ABOUT THIS EXERCISE: Here, the job is to give back every entry below unchanged, omitting pictures.

EXERCISE MATERIALS:
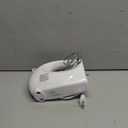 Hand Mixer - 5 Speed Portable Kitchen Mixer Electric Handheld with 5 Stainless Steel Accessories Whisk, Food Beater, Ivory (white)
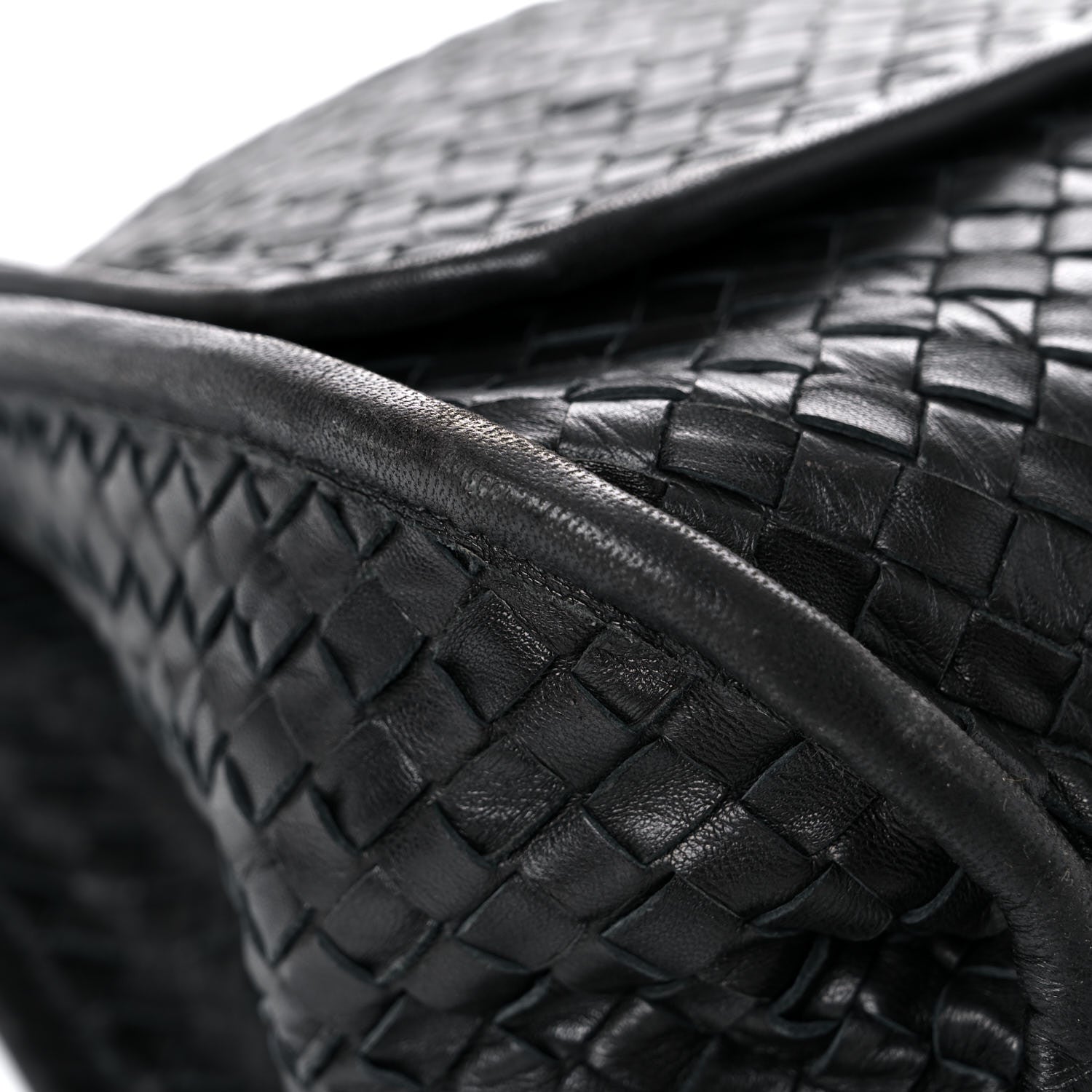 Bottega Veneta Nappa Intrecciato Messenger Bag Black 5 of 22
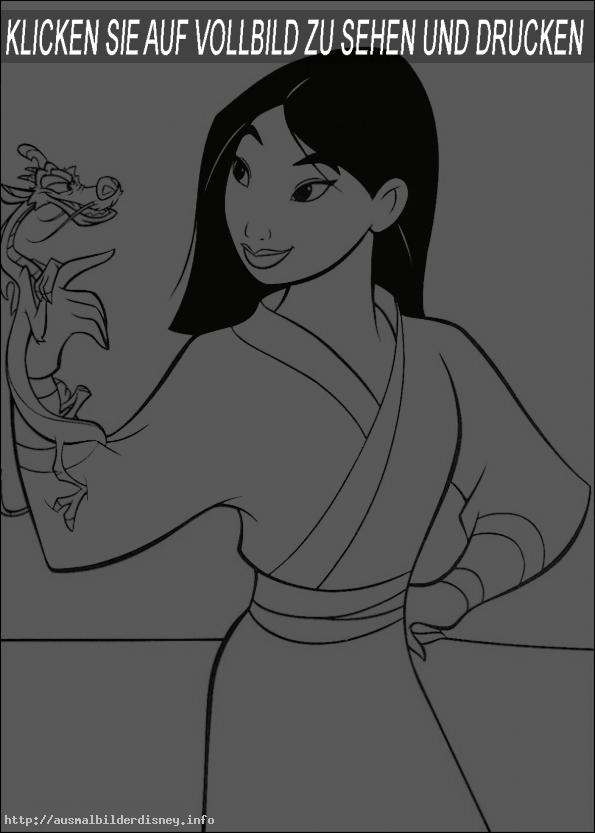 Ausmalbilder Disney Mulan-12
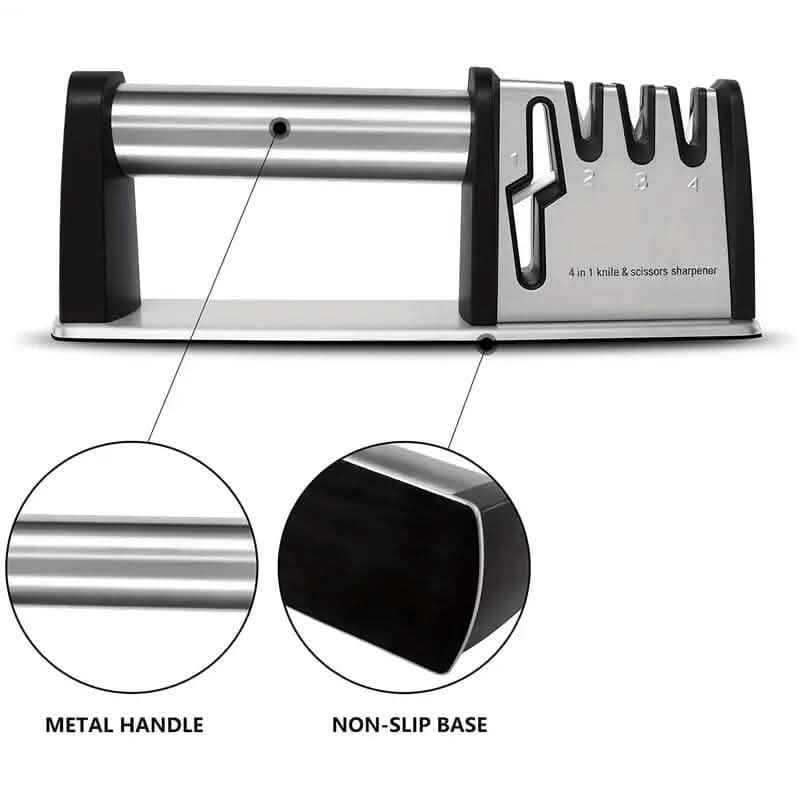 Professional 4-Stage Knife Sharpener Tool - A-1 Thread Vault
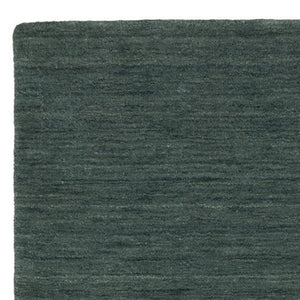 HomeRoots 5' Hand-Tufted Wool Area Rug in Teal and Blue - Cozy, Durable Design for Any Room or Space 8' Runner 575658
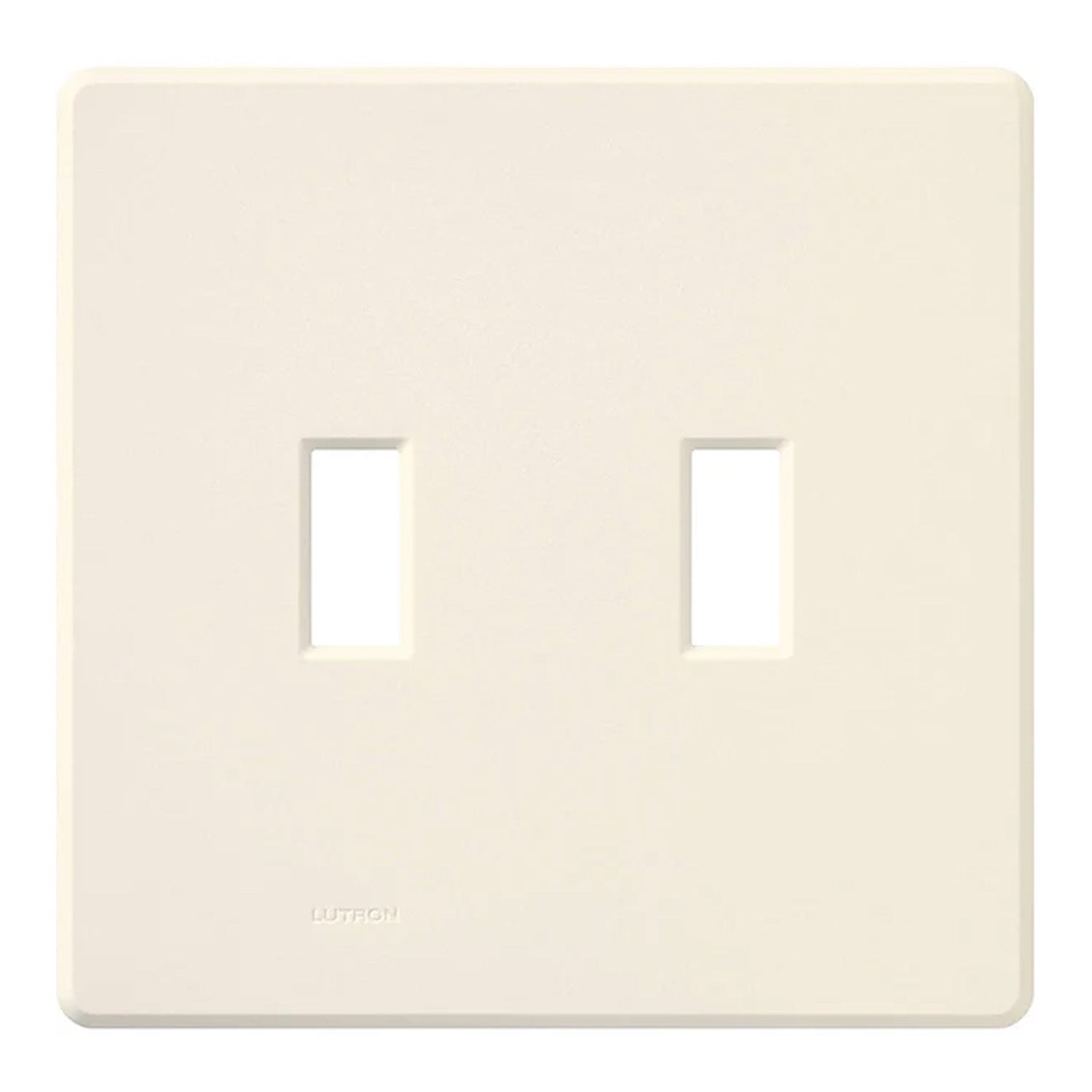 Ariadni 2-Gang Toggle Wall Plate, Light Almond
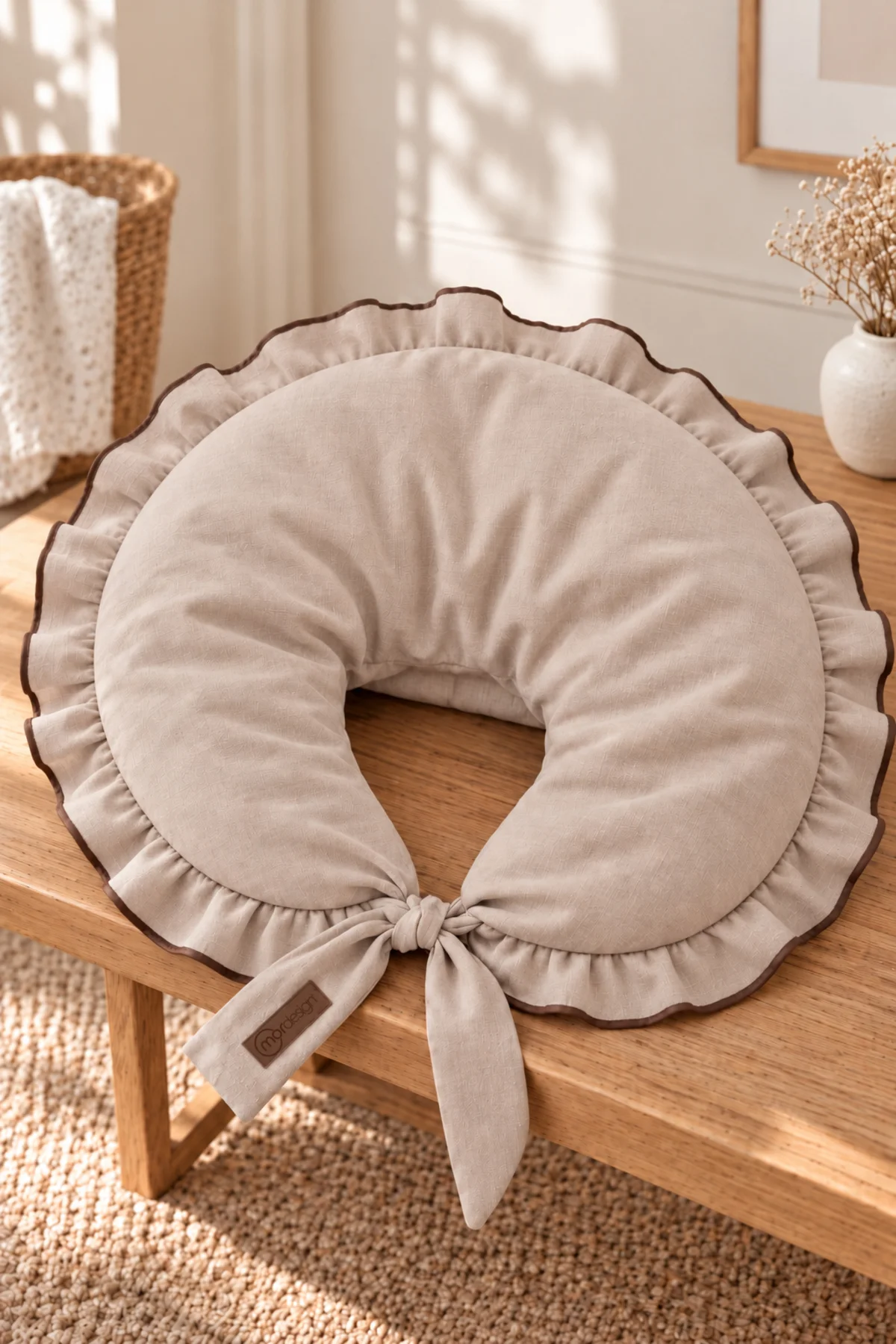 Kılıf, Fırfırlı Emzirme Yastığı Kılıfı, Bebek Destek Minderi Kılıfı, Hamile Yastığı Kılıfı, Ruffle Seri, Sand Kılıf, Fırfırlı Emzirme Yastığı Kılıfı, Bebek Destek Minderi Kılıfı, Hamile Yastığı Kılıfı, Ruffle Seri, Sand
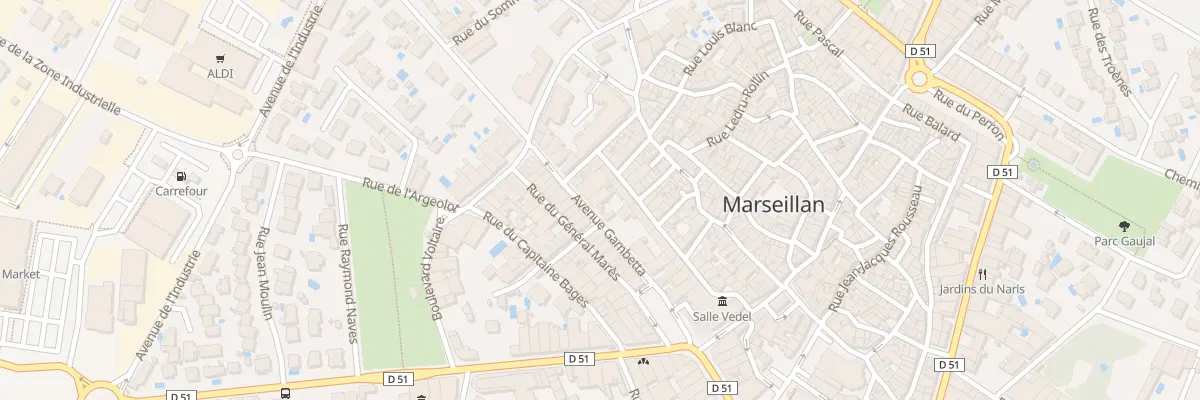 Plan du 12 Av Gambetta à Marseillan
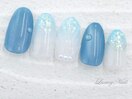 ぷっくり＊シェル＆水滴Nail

OUTPUT OF THE EXERCISE:
 Hand Mixer - 5 Speed Portable Kitchen Mixer Electric Handheld with 5 Stainless Steel Accessories Whisk, Food Beater, Ivory (white)
 Bottega Veneta Nappa Intrecciato Messenger Bag Black 5 of 22
 Ausmalbilder Disney Mulan-12
 Professional 4-Stage Knife Sharpener Tool - A-1 Thread Vault
 HomeRoots 5' Hand-Tufted Wool Area Rug in Teal and Blue - Cozy, Durable Design for Any Room or Space 8' Runner 575658
 Ariadni 2-Gang Toggle Wall Plate, Light Almond
 Kılıf, Fırfırlı Emzirme Yastığı Kılıfı, Bebek Destek Minderi Kılıfı, Hamile Yastığı Kılıfı, Ruffle Seri, Sand Kılıf, Fırfırlı Emzirme Yastığı Kılıfı, Bebek Destek Minderi Kılıfı, Hamile Yastığı Kılıfı, Ruffle Seri, Sand
 Plan du 12 Av Gambetta à Marseillan
 ぷっくり＊シェル＆水滴Nail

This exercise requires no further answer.